Colour isn't good and indicates loss of shielding and would be rejected in the aircraft industry. I think some bike builders get away with a lot in the industry, because most failures of titanium frames are usually from abuse or crashes - the stresses on a bike frame, in most cases, is much less than in an aircraft. I am still in contact with happy customers after twenty years.
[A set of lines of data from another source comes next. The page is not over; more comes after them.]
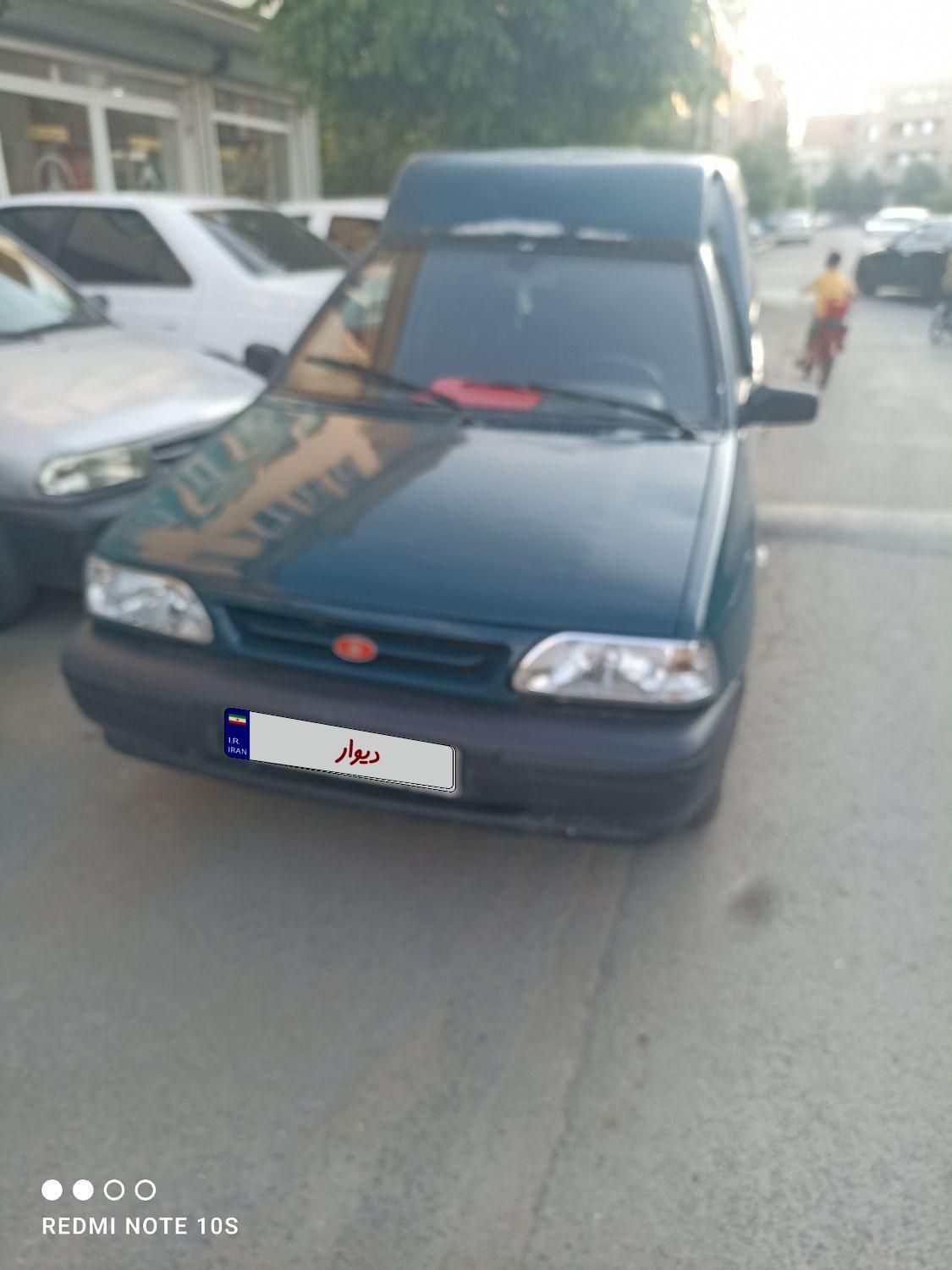 خودرو پراید، 151 آگهی ann_18657911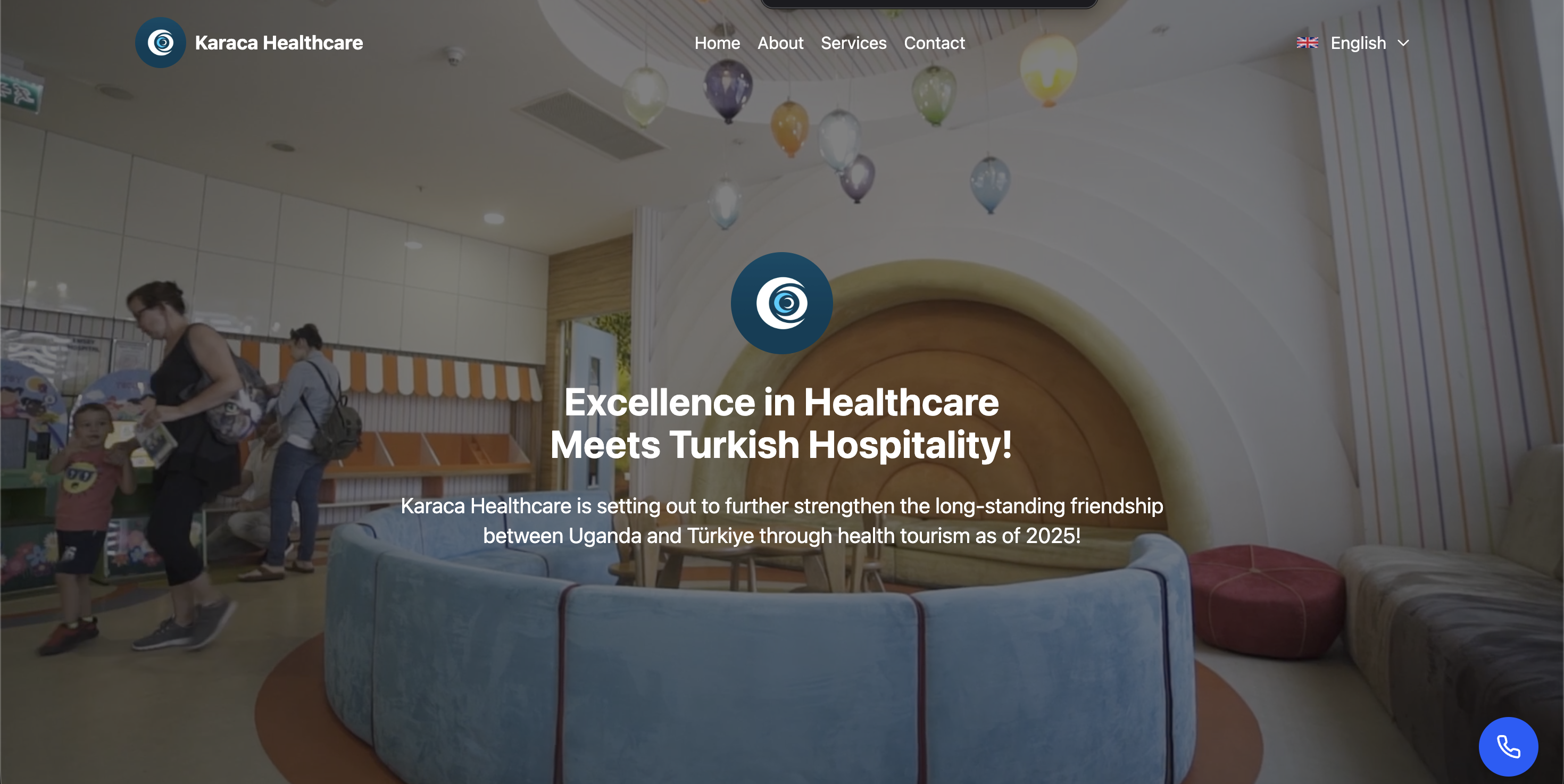 Karaca Healthcare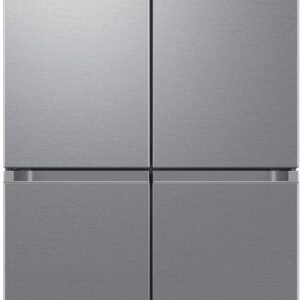 Frigor?fico Americano Beverage Center RF65DG960ESR 646L (Inox) - SAMSUNG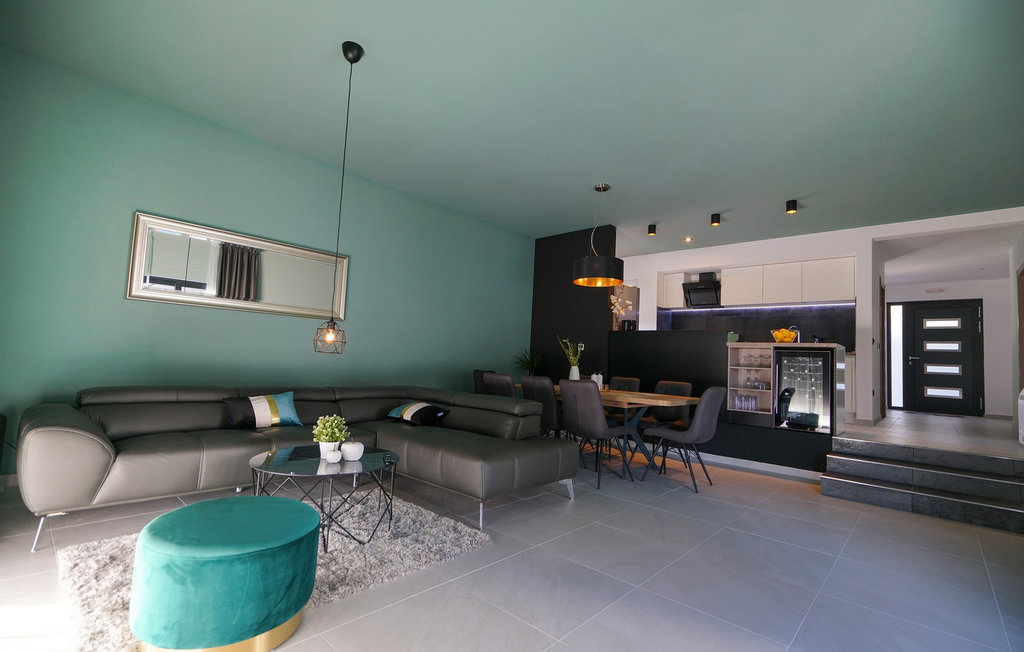 Semesterhus - Sibenik-Brodarica , Kroatien - CLD026 12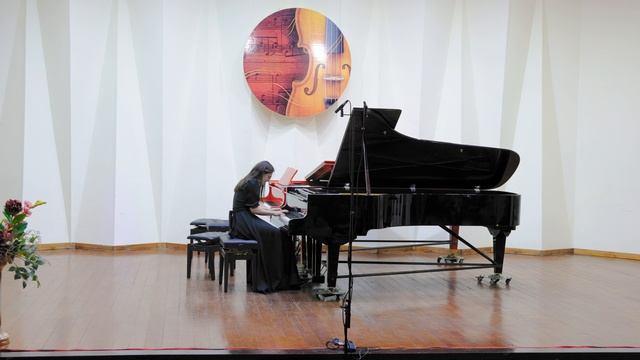 Н.Метнер Три сказки смотреть онлайн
When I built my first frames I was buying the 3/2.5 tubing from Ancotech in Detroit MI, and got a full tour of the plant. The tubing would come in wooden crates and looked like a case of guns. It also was aircraft certified and came with a mound of paperwork.



Walt said:


> Yeah, that's what I thought. So what were they thinking letting those pictures get out? Do they not KNOW they're doing a bad job?
> 
> I like this line in the article, too: "They use diameter rather than butting to doctor the stiffness of the frame. They say this gives the desired result without adding the additional weight and complexity of butting."
> 
> ...


----------



## seat_boy (May 16, 2006)

So they're just using straight gauge tubes instead of butted... not the lightest way to manage the stiffness of a frame, but probably quite a bit more cost effective.



Walt said:


> Yeah, that's what I thought. So what were they thinking letting those pictures get out? Do they not KNOW they're doing a bad job?
> 
> I like this line in the article, too: "They use diameter rather than butting to doctor the stiffness of the frame. They say this gives the desired result without adding the additional weight and complexity of butting."
> 
> ...


----------



## Walt (Jan 23, 2004)

What I meant was that they said the straightgauge tubes are *lighter* as I understand it...


----------



## unterhausen (Sep 28, 2008)

the standard in the bike industry is to make things the way you want to make them and then come up with some bogus reason why it's ok, if not better. As time goes on, good technical information has seemed to diffuse into cycling, but you can expect people to try to feed you horse manure as well.


----------



## dacosta (Jul 23, 2010)

Looks like just surface contamination to me. The oxidation should buff out with a wire brush and some elbow grease. Its difficult to weld those tight corners with out a little surface contamination. Personally I would add more post gas, and buff out the contamination before continuing to weld. Also I would have buffed out the weld before taking the picture. If the contamination is so deep that the wire brush doesn't buff it out then you got problems. 

Fooly


----------



## car bone (Apr 15, 2011)

Walt said:


> Factory Tour ? Guru Cycles, Part 3: Titanium Frame Building, Painting and Finishing
> 
> You ti guys - is this amount of color/O2 contamination ok? I know very little about working with ti but I've been told blue/black/grey anywhere = frame in the trash, start over. Obviously these guys are professional builders - am I crazy to think the contamination looks scary?
> 
> -Walt


That color is ok imo. Its the first 2 colors that appear after heating. kinda.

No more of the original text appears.